A Brief Sketch of African Music

African music as found in the western half of the continent has an overall shape despite major distinctions from north to south. This music came to the New World via the slave trade and then spread to Europe and further to the rest of the world. While European music and the ping-pong effect of African-derived music in the New World coming back to Africa have affected the music greatly, the essence of the music remains strong and continue to spread to the rest of the world.
African music is made up of short repetitive units combined and recombined from various instruments and voices into a kaleidoscope. Westerners have frequently heard only the kaleidoscopic effect and copied that to great effect, but those imitations lose the richness of the multiple units that create the tapestry of sound.
In order to hold together multiple units played on multiple instruments by multiple players combining with multiple voices, a time line is employed. Where Western orchestras require a conductor or master to direct, Africans rely on the time line, classically expressed with a bell or sticks (cowbell or clave), or sometimes only held in the head.
About one hundred of these time lines have been charted, only a few of which are employed by any one musical culture. The son rhythm came to North America to form the basic rhythm of rock and roll, the push-pull base for the jitter bug and other swing dances.
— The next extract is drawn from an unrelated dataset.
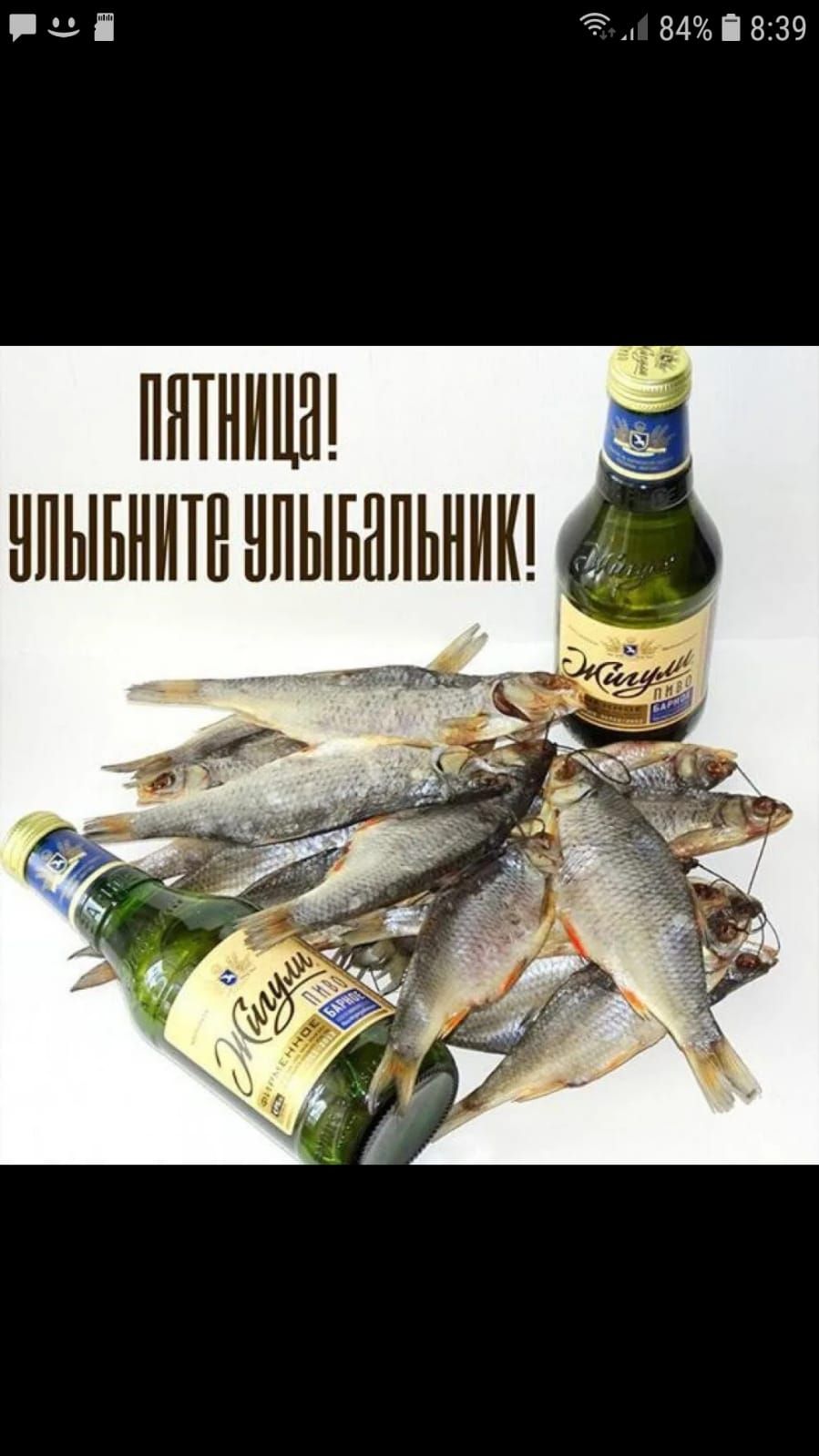 Ці Эд 84і8139 пятница нпыьниш нпыьнпьник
Another is dubbed “shave-and-a-haircut– two-bits” and is the classic rhythm of the popular music we call salsa. More time lines can be found in the Americas in the many traditions of Afro-American music.
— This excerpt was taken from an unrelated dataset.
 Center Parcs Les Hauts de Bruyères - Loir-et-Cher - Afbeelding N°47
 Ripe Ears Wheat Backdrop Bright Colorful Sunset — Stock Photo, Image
Just as we would not consider music Western without chords, we cannot consider music African without the cross-rhythmic heart of the music. While Westerners, confronted with what appears to them as a bewildering welter of rhythms, give up and decide Africans just have some mysterious ability to turn all that into music (and many just decide it is not music at all), Africans enjoy the constant tension-resolution that occurs constantly as the rhythms cross, clash, and then resolve into a pleasurable sonic experience. But not entirely sonic; there is something else without which African music might not be possible: it is the internal rhythmic sense Gunther Schuller rendered “forward propulsive directionality.” Of all the terms and descriptions I’ve heard and read, that catches it. It is a constant propulsion forward that always has a powerful sense of direction. Without that internalized pulse, the short-hand term I prefer over ‘beat” or “rhythm”, the music lacks for the listener the emotive force provided by other means in other musical traditions. Yet the lack of that internalized pulse has not prevented people all over the world from loving the African-derived musical forms they hear.